EXERCISE: Starting at the line that contains "35 Maple Hill Drive Kitchener ON N2M 2R7" and stopping at the line that contains "Greenhouse Accommodation 图尔巴 外观 照片", transcribe every line of the material below exactly; pictures stay out.

SOURCE INFORMATION:
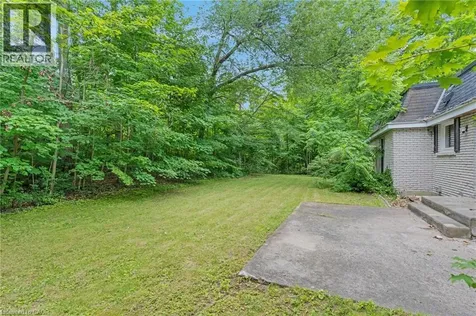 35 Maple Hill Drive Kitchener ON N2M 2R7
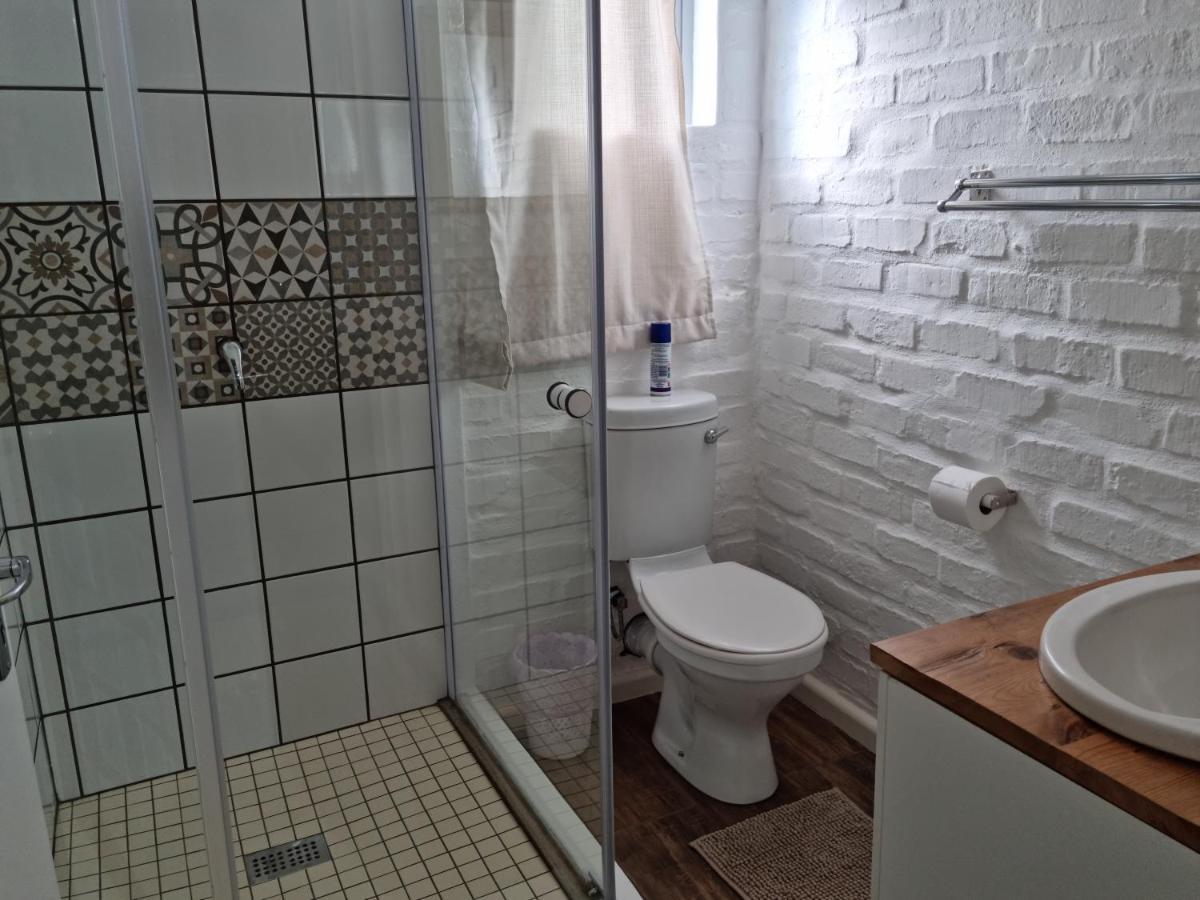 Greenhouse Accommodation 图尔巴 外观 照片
...
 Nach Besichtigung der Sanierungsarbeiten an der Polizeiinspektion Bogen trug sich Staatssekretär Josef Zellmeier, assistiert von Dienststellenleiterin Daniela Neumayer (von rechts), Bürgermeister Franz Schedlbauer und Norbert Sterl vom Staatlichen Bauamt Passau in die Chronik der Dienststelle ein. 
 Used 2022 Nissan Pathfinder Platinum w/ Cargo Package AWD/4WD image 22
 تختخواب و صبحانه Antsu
==
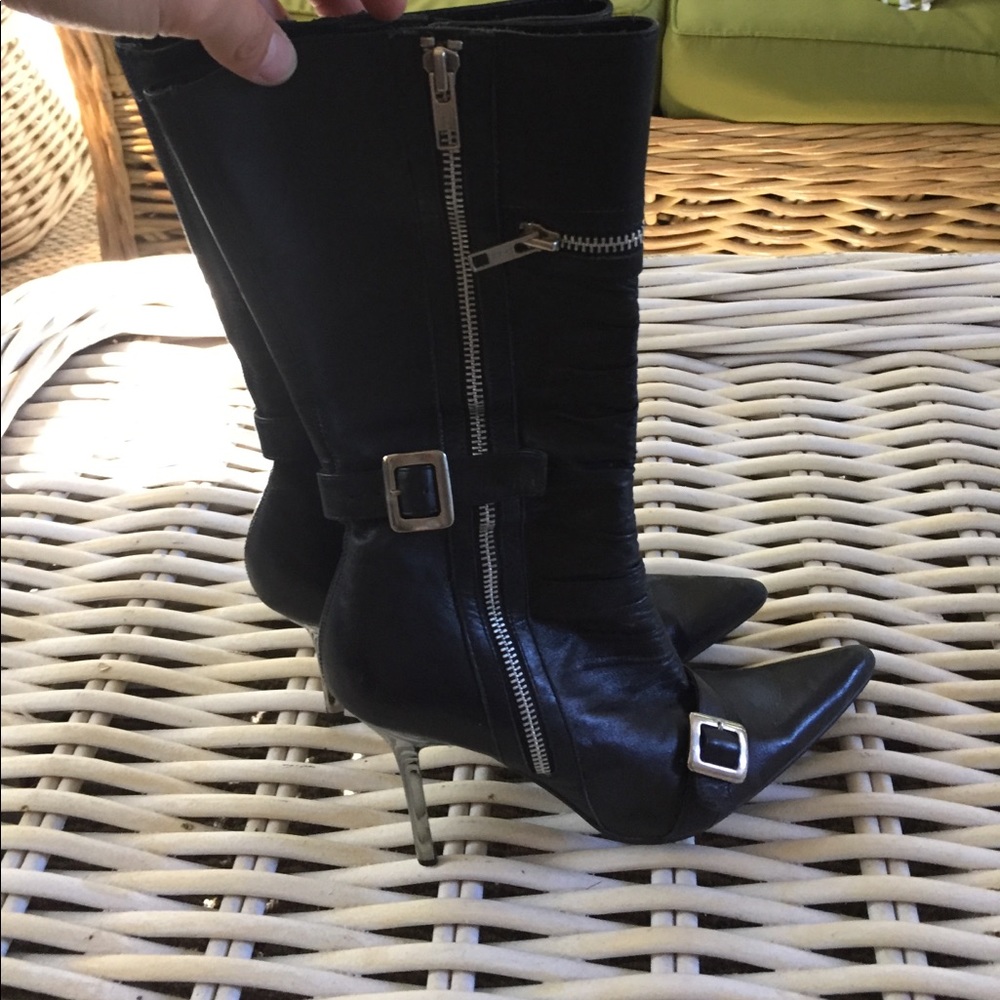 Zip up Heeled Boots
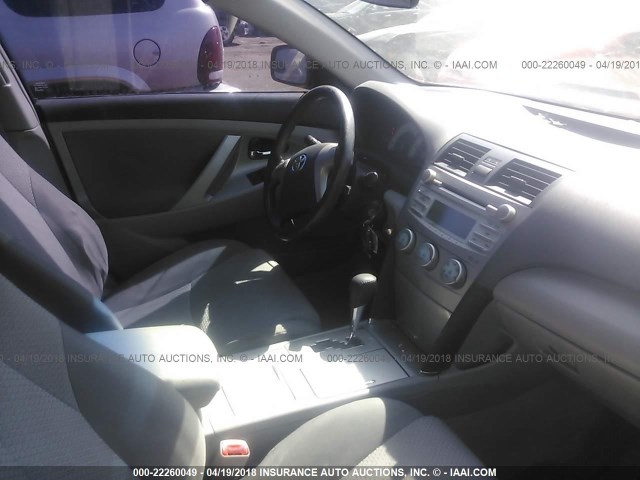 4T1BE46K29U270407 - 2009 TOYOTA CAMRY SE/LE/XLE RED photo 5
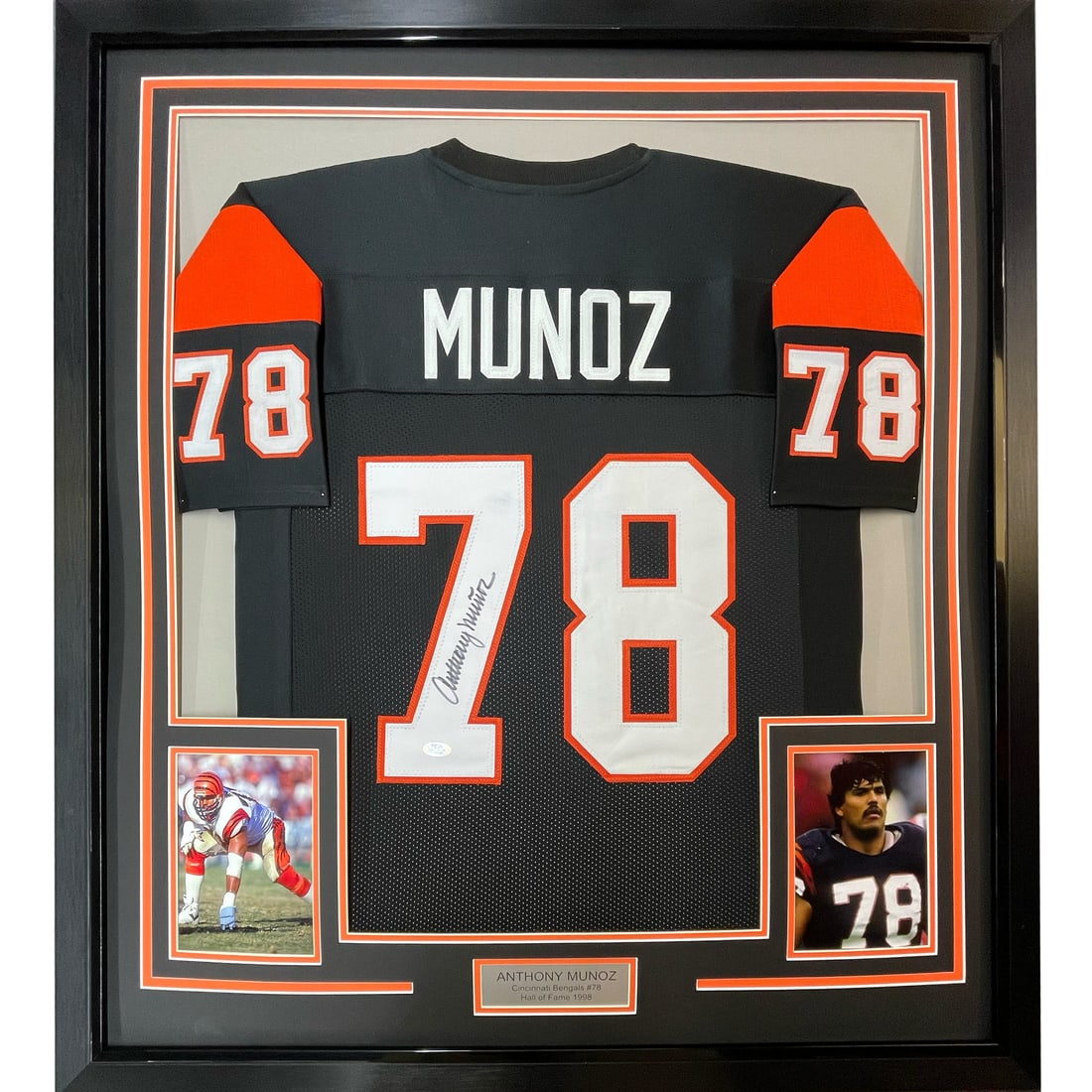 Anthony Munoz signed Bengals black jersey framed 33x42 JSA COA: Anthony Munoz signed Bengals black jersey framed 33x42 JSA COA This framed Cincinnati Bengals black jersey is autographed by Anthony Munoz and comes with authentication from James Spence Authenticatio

ANSWER BELOW:
 35 Maple Hill Drive Kitchener ON N2M 2R7
 Greenhouse Accommodation 图尔巴 外观 照片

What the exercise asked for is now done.